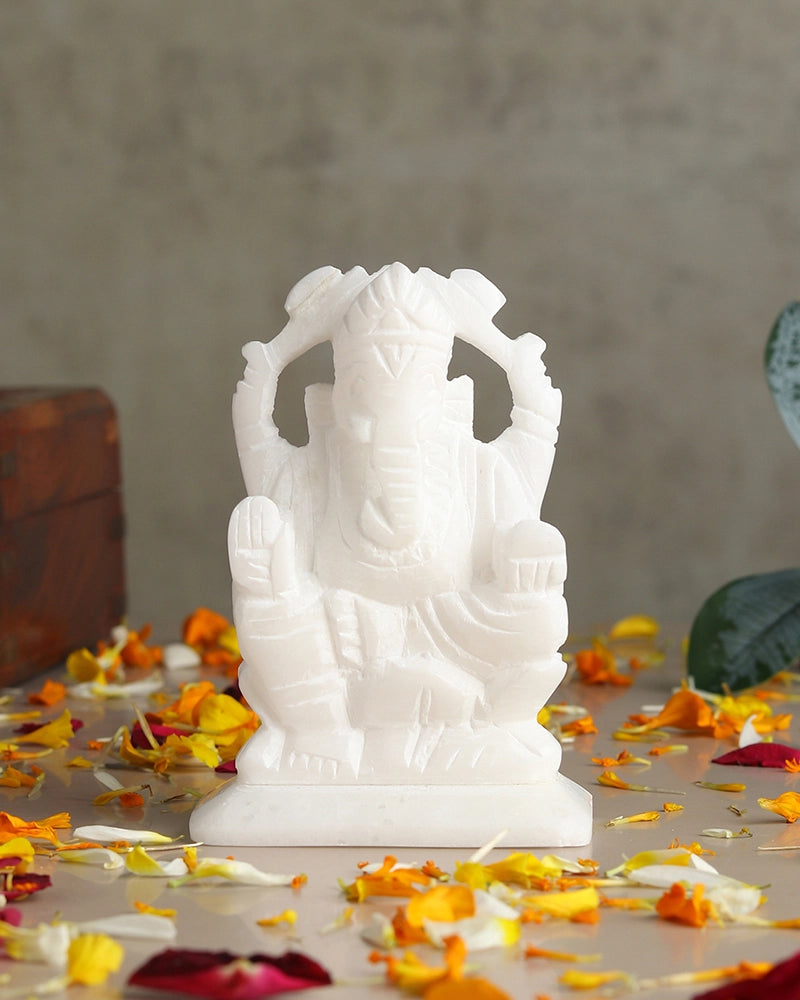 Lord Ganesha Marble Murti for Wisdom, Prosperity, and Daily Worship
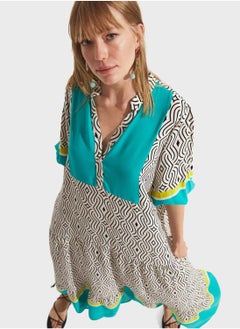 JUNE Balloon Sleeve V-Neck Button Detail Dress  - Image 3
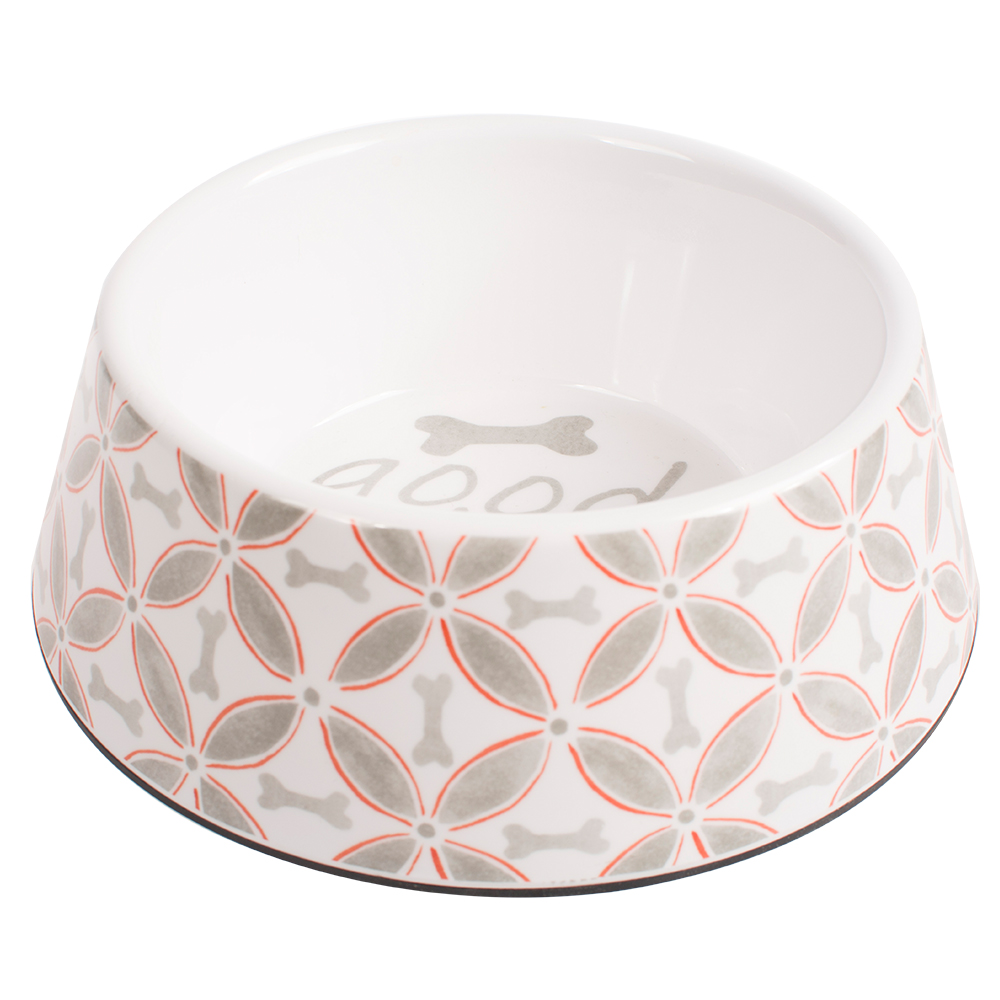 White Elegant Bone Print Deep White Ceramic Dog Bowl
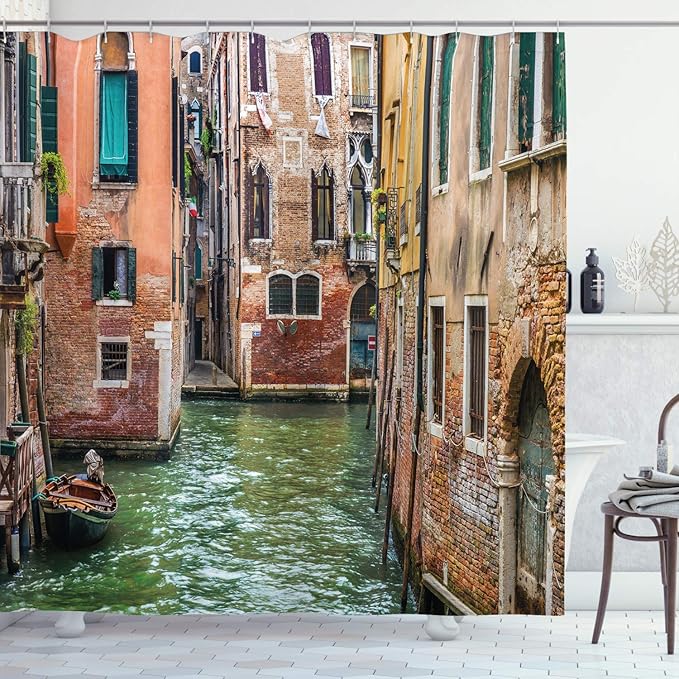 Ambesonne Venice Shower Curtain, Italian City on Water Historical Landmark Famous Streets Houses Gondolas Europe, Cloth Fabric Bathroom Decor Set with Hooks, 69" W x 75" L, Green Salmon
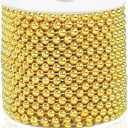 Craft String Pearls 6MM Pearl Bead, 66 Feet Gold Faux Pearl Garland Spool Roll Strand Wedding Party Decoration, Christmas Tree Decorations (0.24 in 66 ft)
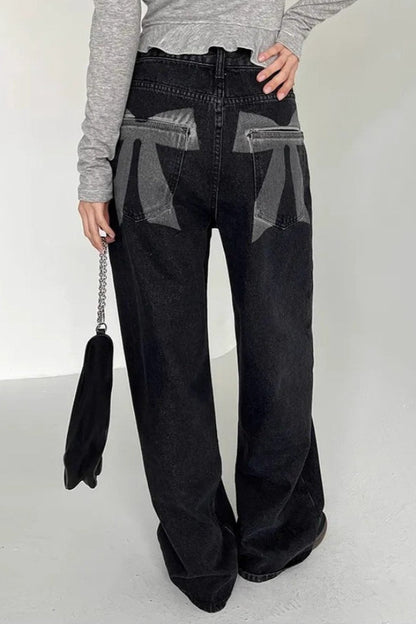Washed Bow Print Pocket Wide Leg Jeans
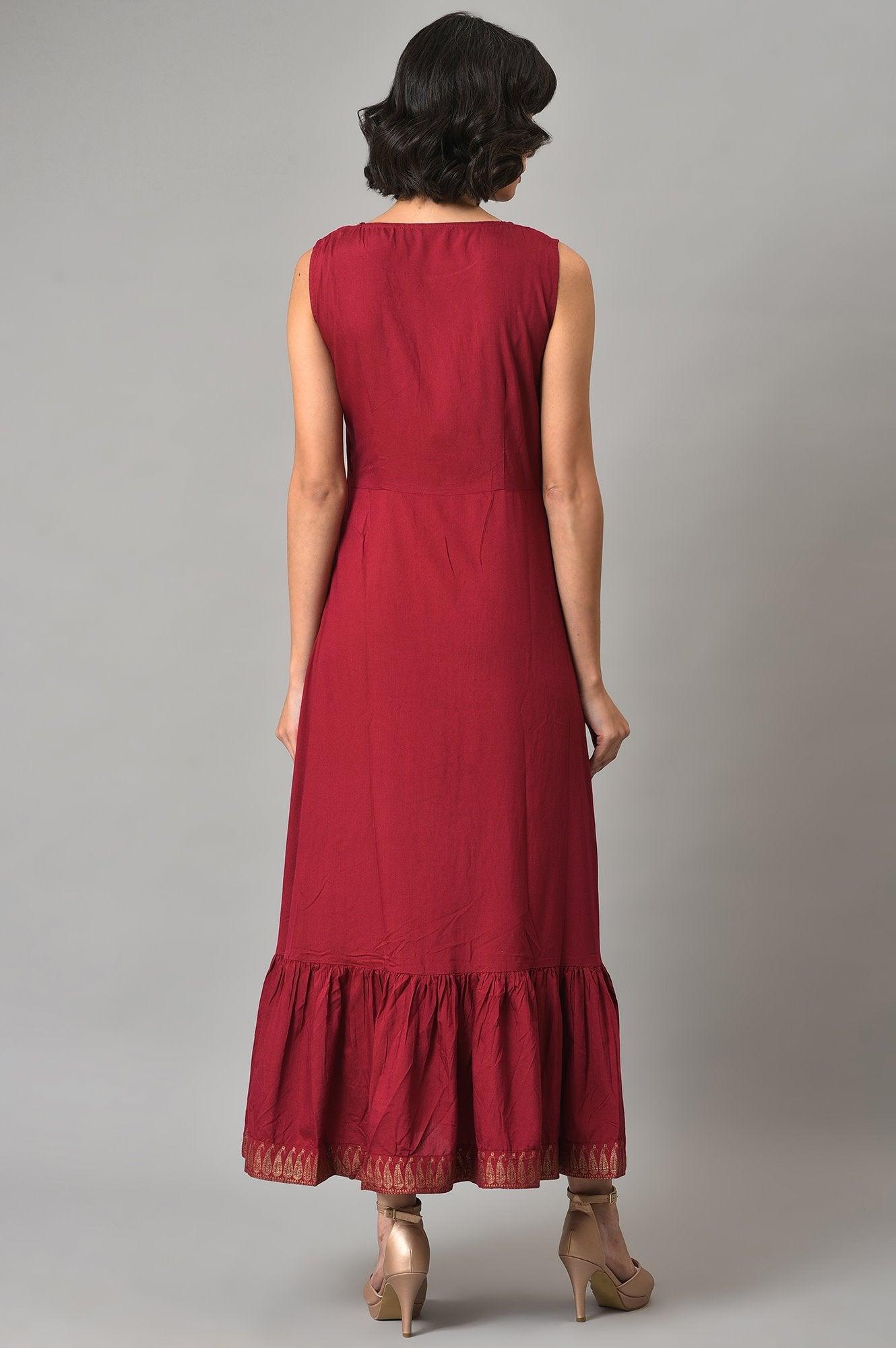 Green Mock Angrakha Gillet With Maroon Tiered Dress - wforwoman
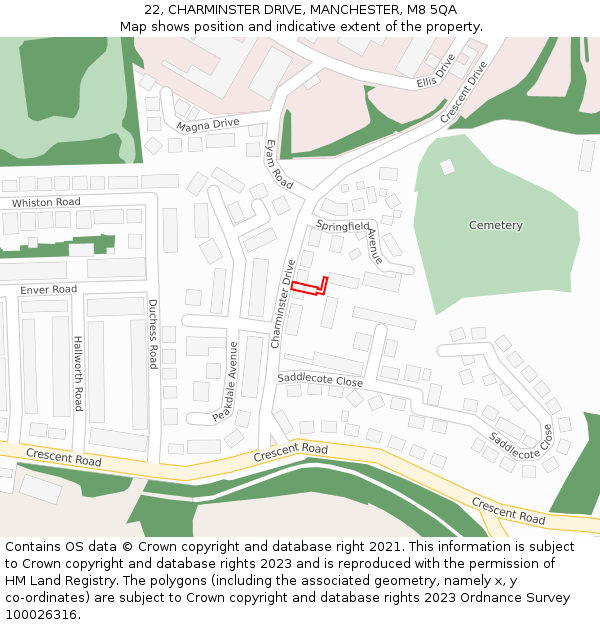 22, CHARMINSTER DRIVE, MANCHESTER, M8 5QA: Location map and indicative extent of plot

....

#### [Problem]
Quote verbatim every line starting at the line that contains "White Elegant Bone" and ending with the last line of the records; omit all pictures.

#### [Completed exercise]
 White Elegant Bone Print Deep White Ceramic Dog Bowl
 Ambesonne Venice Shower Curtain, Italian City on Water Historical Landmark Famous Streets Houses Gondolas Europe, Cloth Fabric Bathroom Decor Set with Hooks, 69" W x 75" L, Green Salmon
 Craft String Pearls 6MM Pearl Bead, 66 Feet Gold Faux Pearl Garland Spool Roll Strand Wedding Party Decoration, Christmas Tree Decorations (0.24 in 66 ft)
Washed Bow Print Pocket Wide Leg Jeans
 Green Mock Angrakha Gillet With Maroon Tiered Dress - wforwoman
 22, CHARMINSTER DRIVE, MANCHESTER, M8 5QA: Location map and indicative extent of plot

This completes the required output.